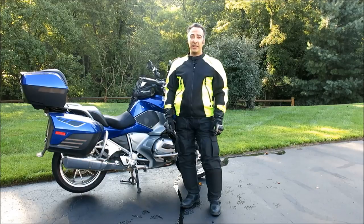Hello and welcome to Motomouth. I'm Moshe K. Levy, and today we're going to be talking about the effects of UV on our health and on our riding gear.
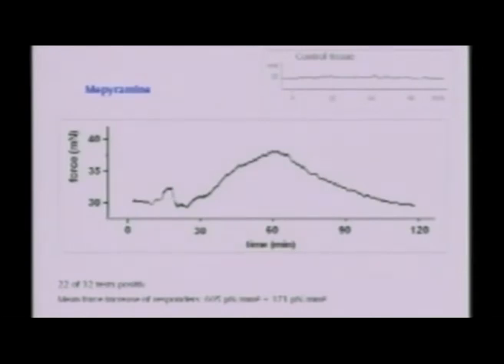This is a time-versus-force registration of a sample which was treated with the drug mepyramine. You can see that the initial artifact is due to the application of the drug, and then there occurs a long-lasting transient contraction which takes about two hours. We also had a lot of other responders in these tests.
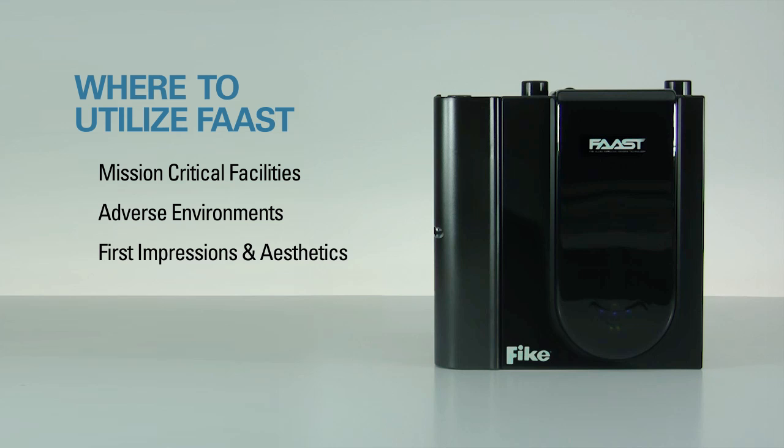Where aesthetics are most important, such as museums, churches, and historical buildings, in limited access areas such as prisons and other high-security applications, or in large open areas including shopping malls, airports, and large atriums.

DIRECTIONS:
The listing above is to be retyped word for word, with the pictures omitted.

RESULT OF THE TASK:
Hello and welcome to Motomouth. I'm Moshe K. Levy, and today we're going to be talking about the effects of UV on our health and on our riding gear.
This is a time-versus-force registration of a sample which was treated with the drug mepyramine. You can see that the initial artifact is due to the application of the drug, and then there occurs a long-lasting transient contraction which takes about two hours. We also had a lot of other responders in these tests.
Where aesthetics are most important, such as museums, churches, and historical buildings, in limited access areas such as prisons and other high-security applications, or in large open areas including shopping malls, airports, and large atriums.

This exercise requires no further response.